Task to carry out — Would it be possible to output exactly, and only, the lines below from the one holding "Image for 2020" to the last line, both included, with every picture left out?

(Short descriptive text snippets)
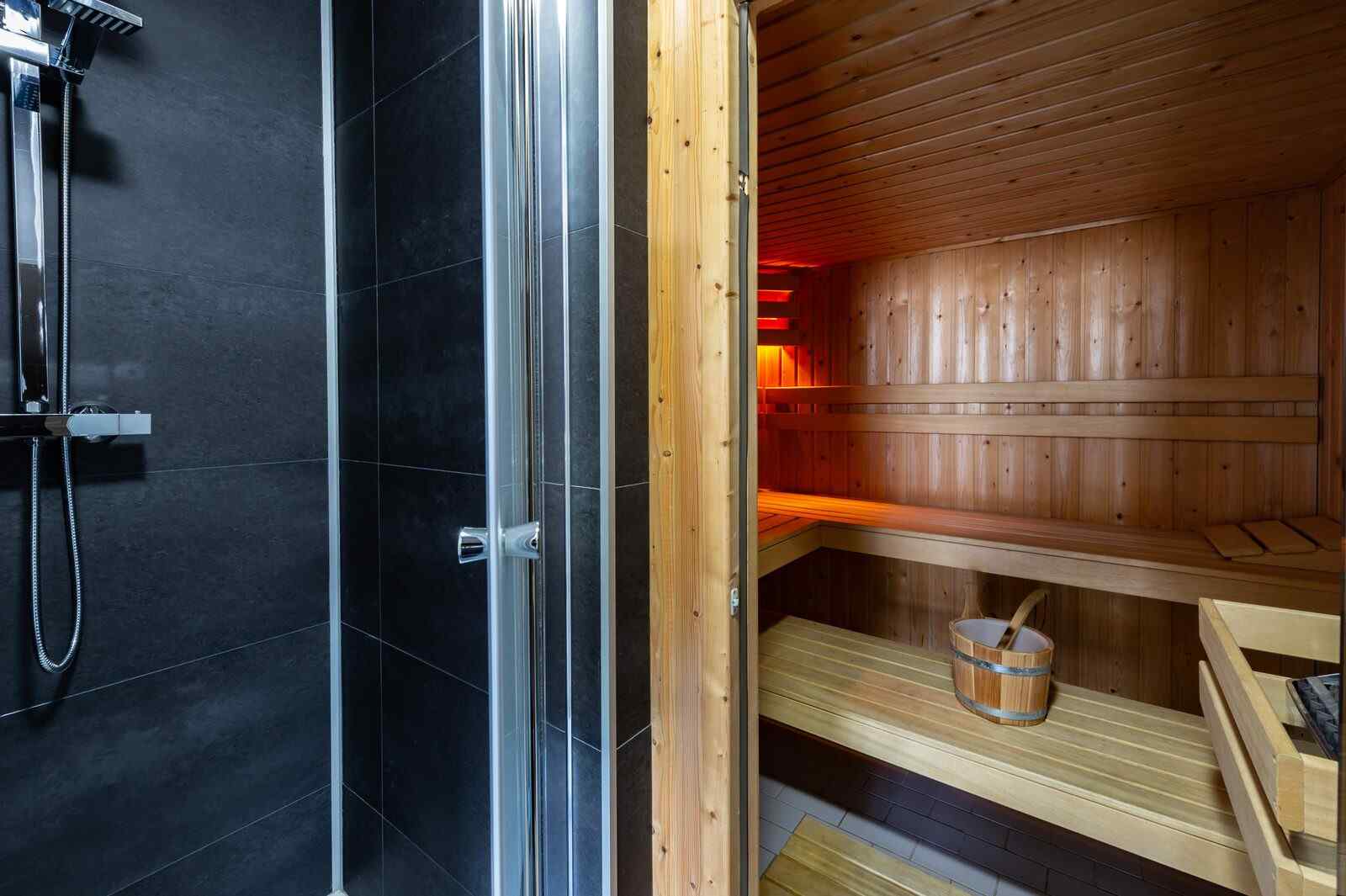 luxe-6-persoons-vakantiehuis-met-sauna-in-zeeuws-vlaanderen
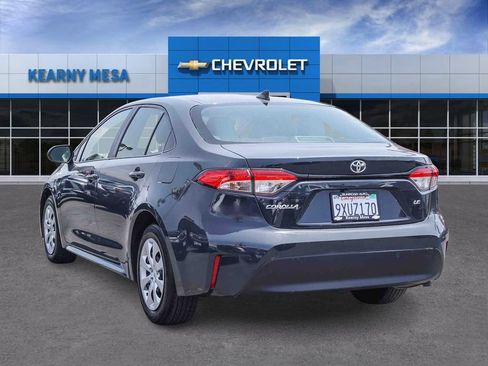 Used 2025 Toyota Corolla LE FWD image 4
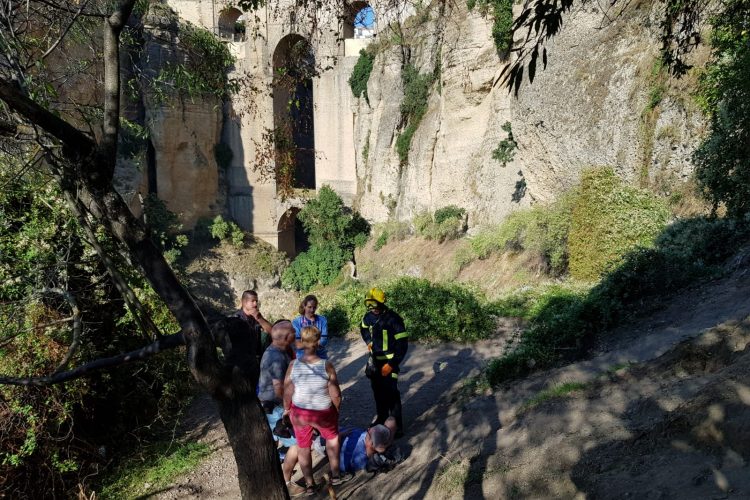 Rescatan a un senderista en el fondo del Tajo tras sufrir una caída y fracturarse el tobillo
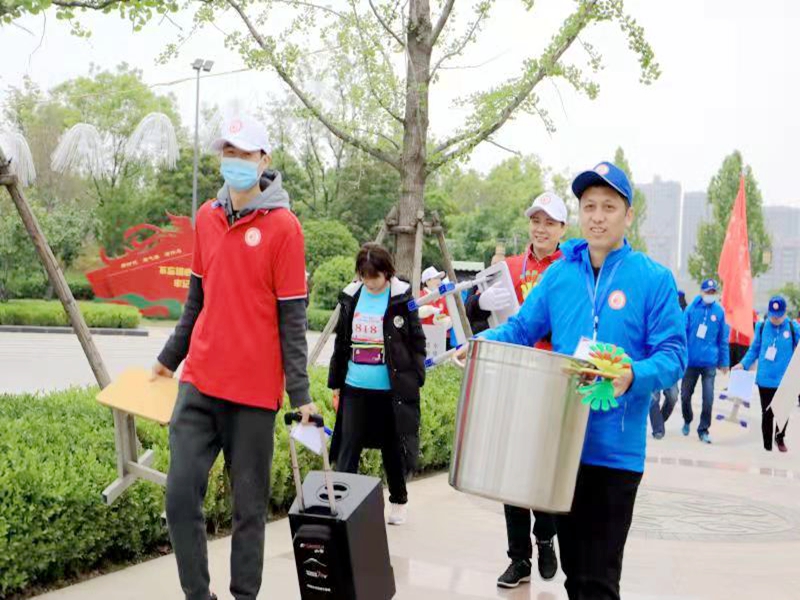 学党史、办实事 志愿服务助力健步走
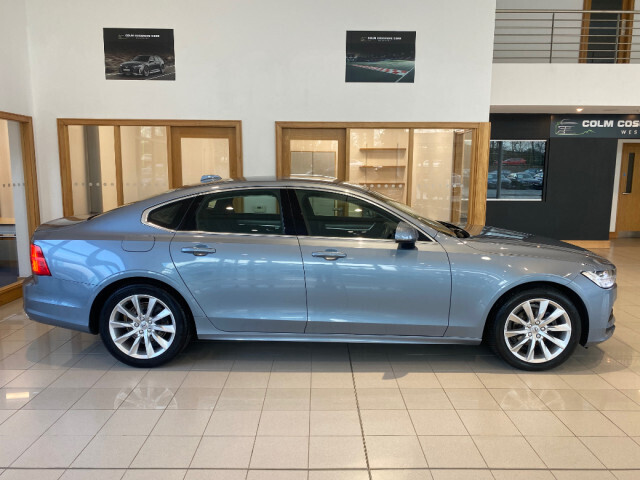 Image for 2020 Volvo S90 D4 MOMENTUM PLUS *FULL LEATHER / HEATED SEATS / AUTO DIMMING LIGHTS*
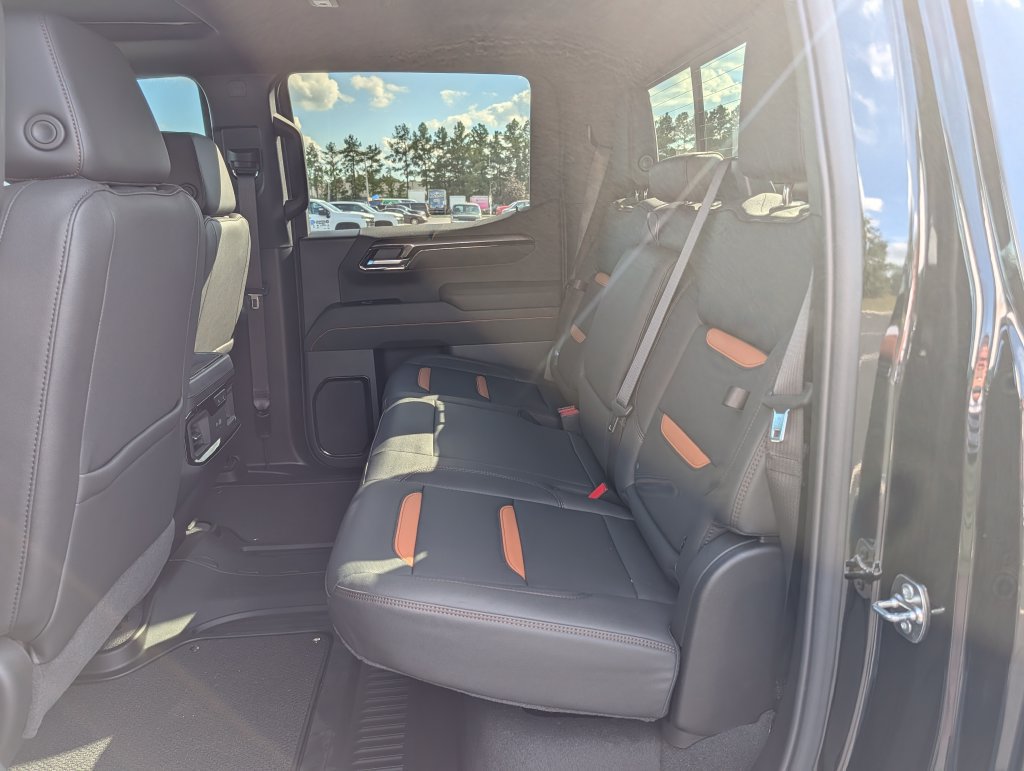 New 2026 GMC Sierra 1500 AT4 w/ AT4 Premium Package AWD/4WD image 14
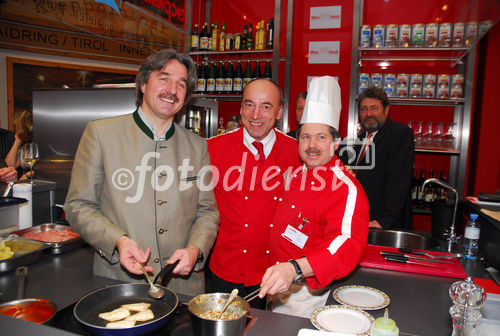 Alles für den Gast - Messezentrum Salzburg
Min. Erwin Buchinger, C+C-Pfeiffer-Chefköche Johann Neuhofer, Peter Legat
www.siebinger.com
                            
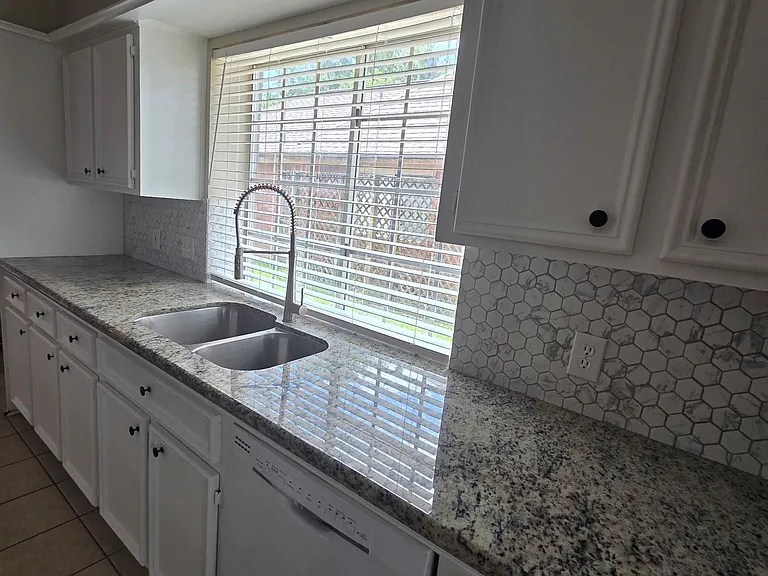 18934 Barry Ln — Photo 14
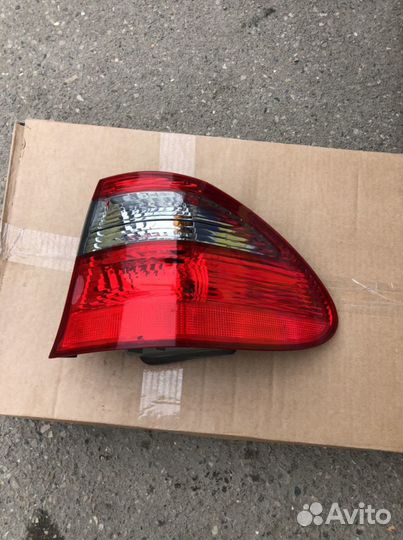 Фонарь угловой правый мерседес w211 е211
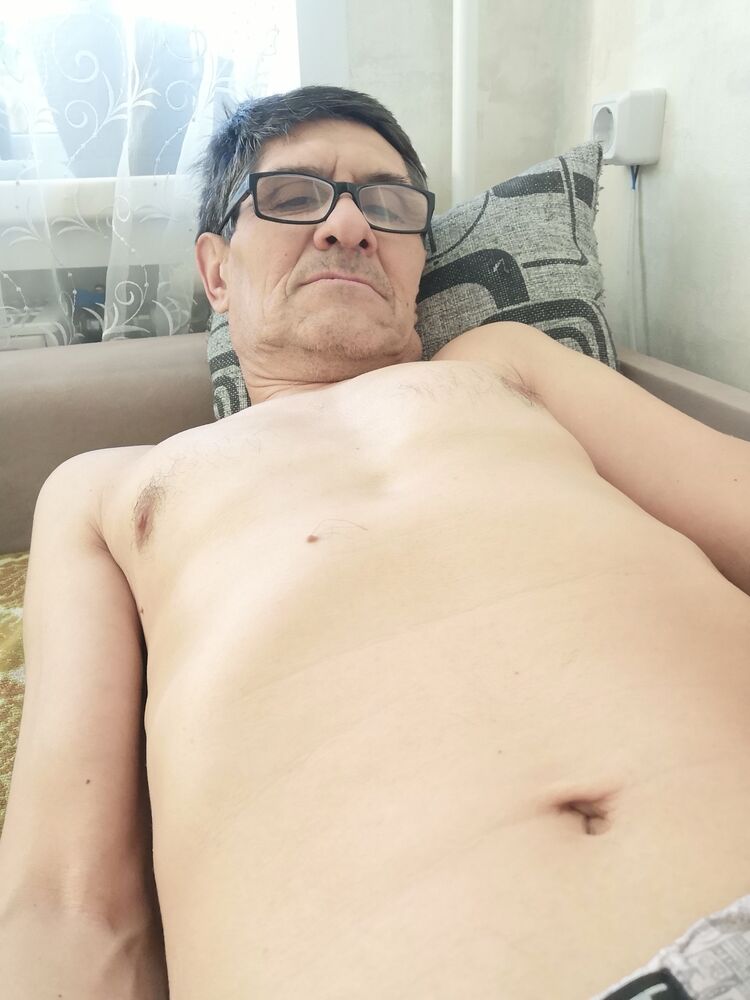  32427927  , 58 ,    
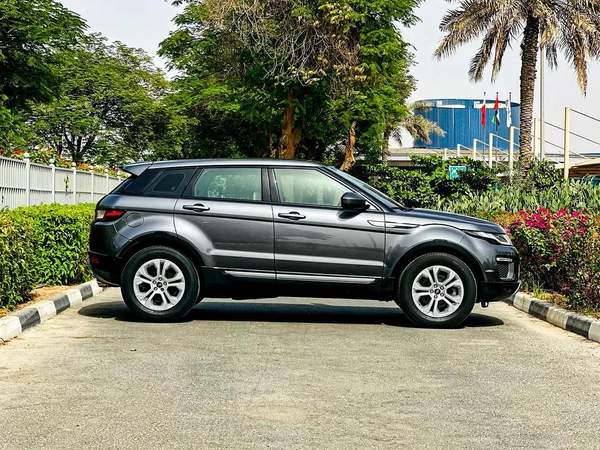 LAND ROVER EVOQUE GCC VERY CLEAN 2016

Answer —
 Image for 2020 Volvo S90 D4 MOMENTUM PLUS *FULL LEATHER / HEATED SEATS / AUTO DIMMING LIGHTS*
 New 2026 GMC Sierra 1500 AT4 w/ AT4 Premium Package AWD/4WD image 14
 Alles für den Gast - Messezentrum Salzburg
Min. Erwin Buchinger, C+C-Pfeiffer-Chefköche Johann Neuhofer, Peter Legat
www.siebinger.com
                            
 18934 Barry Ln — Photo 14
 Фонарь угловой правый мерседес w211 е211
  32427927  , 58 ,    
 LAND ROVER EVOQUE GCC VERY CLEAN 2016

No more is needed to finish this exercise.